*** Opening of Records ***

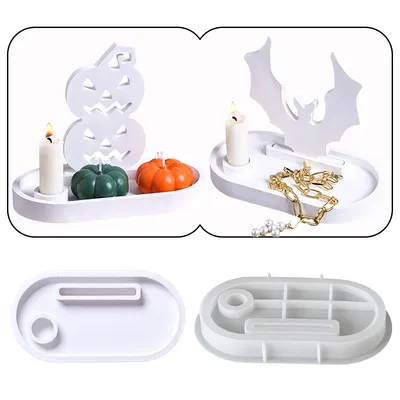 Oval Tray with Candlestick Socket Silicone Mold DIY Candle Holder Jewelry Storage Resin Epoxy Mold Plaster Making Craft Home Dec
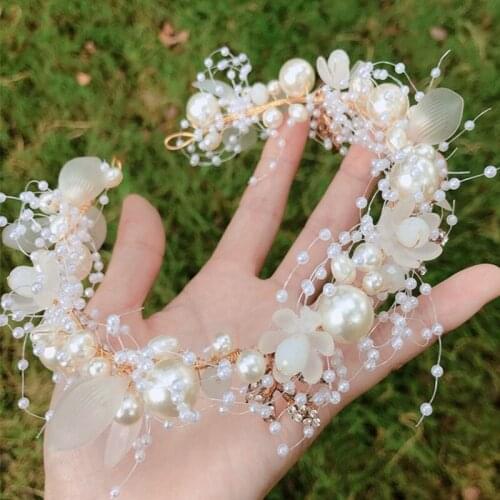 Bridal Wedding Crown Hairband Fashion Pearl Flower Headband Hair Accessories Hair Band Tiara Crystal Headpiece Hair Jewelry Gift
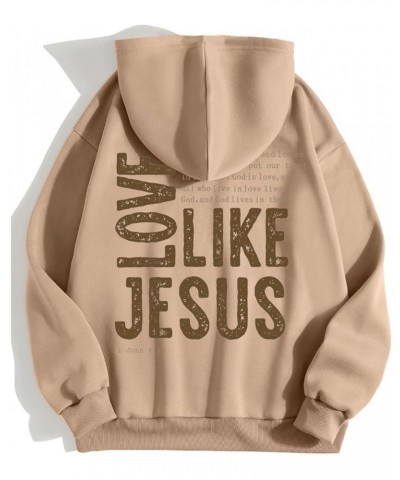 Womens Hoodies Pullover Christian Faith Athletic Comfy Trendy Brown Oversized Sweatshirts for Women Loose Fit Khaki-13 $7.66 ...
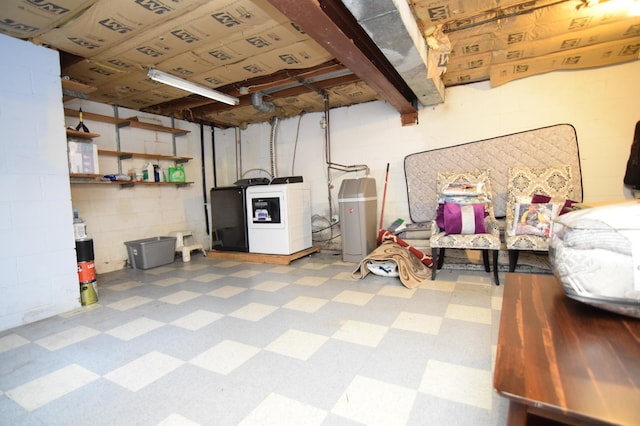 5634 142nd St W, Apple Valley, MN 55124 - unfinished basement featuring tile patterned floors, concrete block wall, and washing machine and dryer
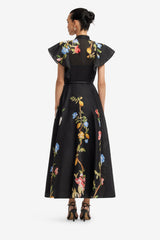 Elsie Flutter Sleeve Midi Dress - Lemon Vine Print in Ebony Dress Midi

*** Close of Records ***

▶ _What is being asked_: Only the lines from the line with "Womens Hoodies Pullover" through the closing line of the data, both included, should be set down, exactly as written and without pictures.

▶ _Written response_:
 Womens Hoodies Pullover Christian Faith Athletic Comfy Trendy Brown Oversized Sweatshirts for Women Loose Fit Khaki-13 $7.66 ...
 5634 142nd St W, Apple Valley, MN 55124 - unfinished basement featuring tile patterned floors, concrete block wall, and washing machine and dryer
 Elsie Flutter Sleeve Midi Dress - Lemon Vine Print in Ebony Dress Midi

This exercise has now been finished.